[Information provided Boundary: Start]

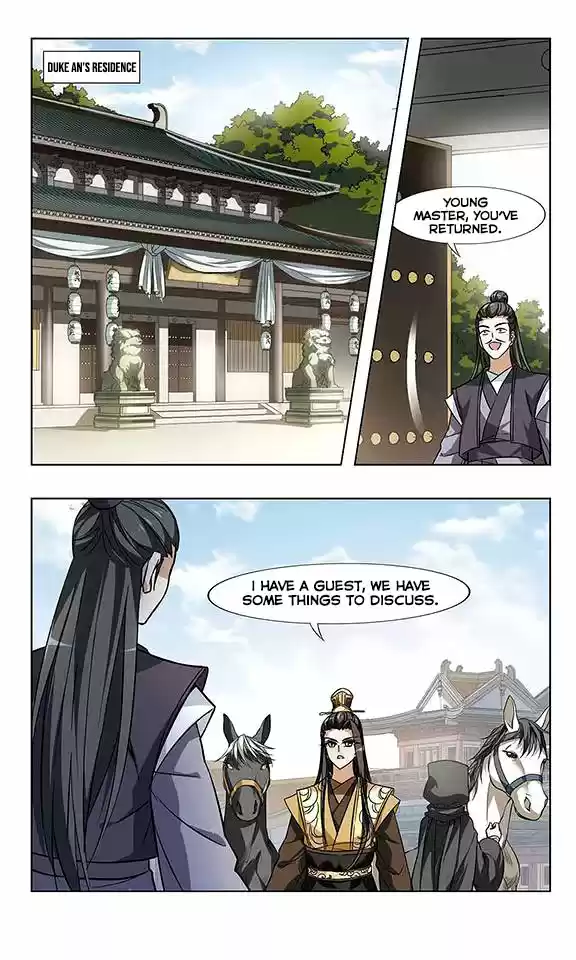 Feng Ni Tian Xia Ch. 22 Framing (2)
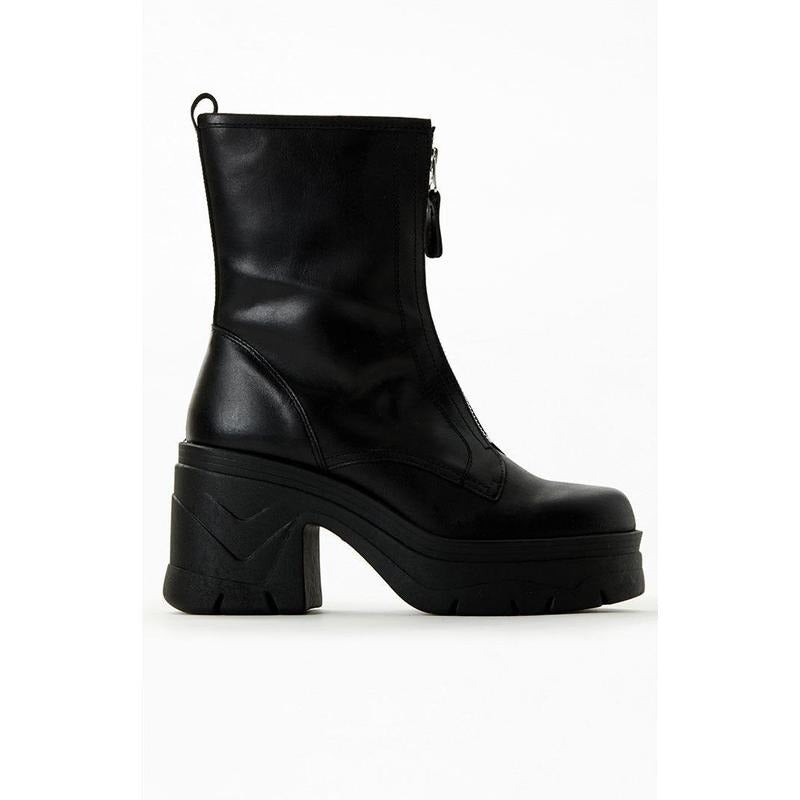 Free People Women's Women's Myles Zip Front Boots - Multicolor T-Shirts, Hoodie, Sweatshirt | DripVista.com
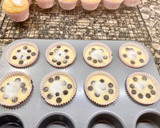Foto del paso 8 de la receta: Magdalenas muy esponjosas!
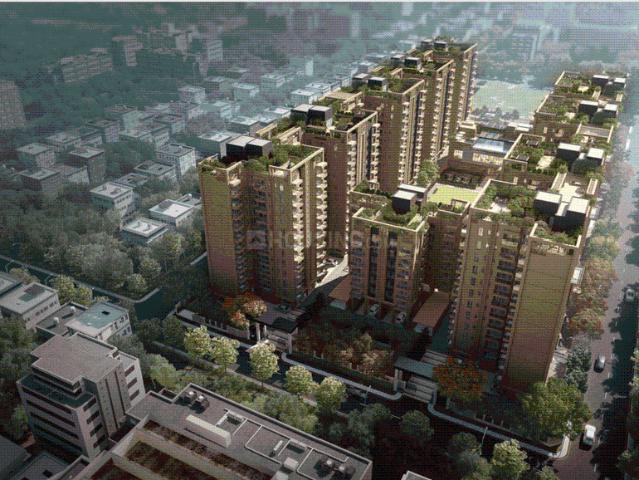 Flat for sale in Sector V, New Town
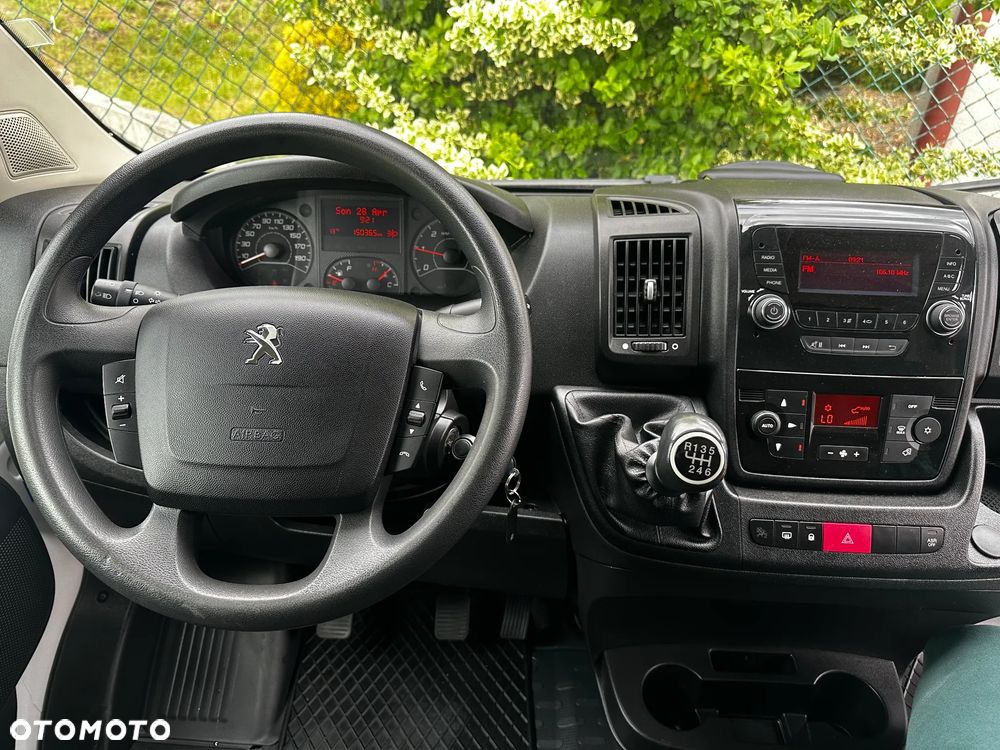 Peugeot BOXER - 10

[Information provided Boundary: End]

**Work item**
Down to the last line, return the entries above exactly, with no pictures.

**Solution for this problem**
 Feng Ni Tian Xia Ch. 22 Framing (2)
 Free People Women's Women's Myles Zip Front Boots - Multicolor T-Shirts, Hoodie, Sweatshirt | DripVista.com
Foto del paso 8 de la receta: Magdalenas muy esponjosas!
 Flat for sale in Sector V, New Town
 Peugeot BOXER - 10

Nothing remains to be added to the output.